The lower region is outside NuSTAR’s FOV in P12 and 13, and would be positioned near or on a detector gap in P18 and 19. However, the lightcurves confirm that this feature is relatively faint in Hinode/XRT in comparison to the central region, and therefore would be unlikely to contribute significantly to the NuSTAR emission from the EFR.

4.1 NuSTAR Spectral Analysis

Using the approach detailed in Section 3.1, we fit an isothermal model to the NuSTAR spectra of the EFR. Multiple pointings were simultaneously fit over to reduce the noise, but it was sufficient just to use consecutive pointings (P12,13 and P18,19) so that we could still investigate the time evolution. The spectra for orbit 1 P18,19 and orbit 2 P12,13 are shown in Figure 4, and a summary of the fitting results for the EFR (in comparison with all other features investigated) is given in Table 1. The spectral fits from all four times give a reasonably constant temperature of ∼ 2.5 MK, and emission measures ranging between 1.9 and 6.1 × \(10^{44}\) cm−3. The fits do suggest a slight increase in temperature of the EFR over the two orbits, from 2.54 MK to 2.63 MK. However, taking into account the uncertainties on these temperatures, this increase is not statistically significant. The emission measure from the spectral fits decreases from 3.42 to 1.93 × \(10^{44}\) cm−3 between P12,13 and P18,19 in the first orbit. It then increases up to 6.10 × \(10^{44}\) cm−3 in P12,13 in the second orbit before falling to 2.40 × \(10^{44}\) cm−3 for P18,19.

Figure 4
figure 4

NuSTAR fitted spectra for the EFR, (left) orbit 1 P18, P19 and (right) orbit 2 P12, 13. The red line and numbers indicate the fitted thermal model, dotted lines the fitting range, and the black number is the multiplicative constant to account for systematic differences between FPMA and FPMB.

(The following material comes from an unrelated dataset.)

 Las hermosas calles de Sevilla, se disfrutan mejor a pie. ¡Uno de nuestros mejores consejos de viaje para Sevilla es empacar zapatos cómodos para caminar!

Table 1 A summary of the isothermal models fit to the NuSTAR spectra for all of the features. Results from different times throughout the NuSTAR observation are given, in the appropriate cases.

This matches the behaviour in the Hinode/XRT lightcurve for the central region in Figure 3. In both orbits, the NuSTAR fit temperature remains approximately constant while the emission measure decreases. This is in agreement with the decreases in the Hinode/XRT lightcurve between the NuSTAR pointing times in both orbits, and the highest NuSTAR emission measure corresponds to the highest peak in Hinode/XRT at 20:30 UT. This similar behaviour is expected as Hinode/XRT and NuSTAR should be observing emission at approximately the same temperatures.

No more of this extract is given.